Confieso que dejé de ver entonces el debate entre Margallo y Junqueras, porque no podía con el bochorno que me producía la exhibición del argumento. Un poco más, pensé espantada, y Junqueras se pone a bailar y a cantar "¡Yo soy español, español, español!", como los chavales cuando la selección española de fútbol ganó el Mundial hace cinco años. Porque yo he conocido, como cualquiera, a nacionalistas y separatistas empecinados, y los he visto continuamente en acción y en reacción. Pero a separatistas inflexibles que reivindiquen la nacionalidad española, a tan extrañas y esperpénticas criaturas, no las había visto en mi vida.
El único precedente que me podía haber preparado para ese espectáculo, el único instante de confusión y delirio que podía tener alguna proximidad, era el que le había leído a Gaziel, el periodista de La Vanguardia, en sus "Apuntes de una noche inolvidable. Tomados al hilo de los acontecimientos durante las jornadas de los días 4, 5, 6 y 7 de octubre de 1934". El periodista escucha aterrado y acongojado la retransmisión radiofónica de la proclamación del Estado catalán por el presidente de la Generalidad, Luis Companys. Después de anunciarse una y otra vez el triunfo de la proclamación, después de llamar a los catalanes a levantarse en armas para defender el nuevo Estado, al cabo de las horas –el golpe no duró más de diez–, Gaziel anota lo siguiente:
Llegó un momento, ya a altas horas de la noche, en que el Consejero [de Gobernación] parecía poseído materialmente de una suerte de delirium tremens revolucionario. Llamaba a los catalanes, llamaba a los demás españoles, llamaba a las sombras de la noche, y las llamaba en castellano, con voces embarulladas y febricitantes. Una vez, acabó dando un gran "¡Viva España!", y en torno a ese grito resonaron nerviosos aplausos. ¿De quiénes?... Yo no podía más.

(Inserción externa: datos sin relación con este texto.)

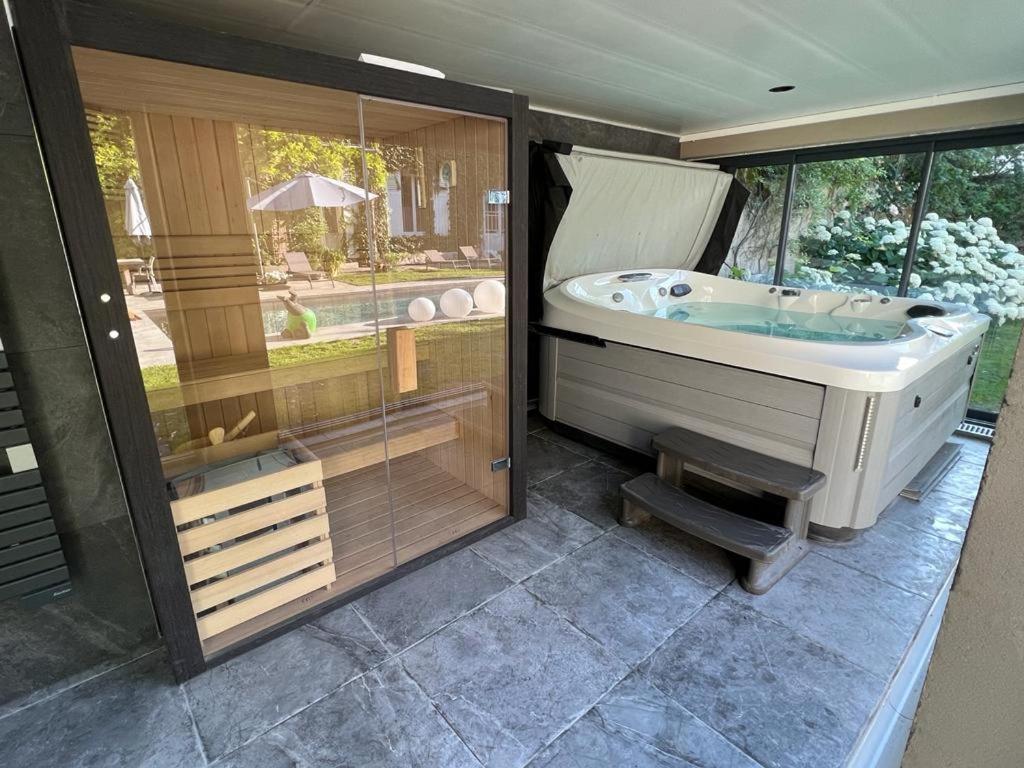 Demeure Les Aiglons, Chambres D'Hotes & Spa Fontainebleau Dış mekan fotoğraf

Pero claro que pueden más. Con su ¡viva la nacionalidad española!, los partidarios de la fractura pueden decirles y les dicen a los catalanes:
Queridos, vamos a romper con España, vamos a montar un Estado propio, pero no pasará nada, y hasta tal punto no pasará nada que incluso podréis seguir siendo españoles. Así que, muy tranquilos, porque España os seguirá pagando la pensión y lo que haga falta. Porque España no os puede quitar la nacionalidad ni, por tanto, la ciudadanía europea ni nada de nada. ¡Mirad, mirad el artículo tal de la Constitución!
En realidad, no es tan raro que este absurdo asunto sea el colofón de la campaña electoral. De un lado, porque el debate político español se lanza hoy con irreprimible gusto y de cabeza a lo más llamativo y excéntrico, a la última fricada que se sirve en los canutazos y en los platós. Y cuando lo estrambótico trae enredo de leyes, entonces el gusto se vuelve adicción, y todo el mundo entra al banquete, armado de jurisprudencia de andar por casa y desarmado de todo lo demás.
Del otro, porque ahí, en esa especie de la doble (¿o no?) nacionalidad, se reúnen las dos caras asociadas del movimiento separatista: la astuta, la del que se las sabe todas y sabe hacer la trampa, la de la doblez; y la inocente, la infantilizada, la crédula y la del buen rollo. Caras que por azar o necesidad se han encarnado en los dos socios de este asunto, que son Artur Mas y Oriol Junqueras. Lo mejor de los dos mundos. Yo sólo espero que la última recomendación electoral de Juntos por el Sí no sea instar a sus votantes a ir raudos a renovar sus DNI.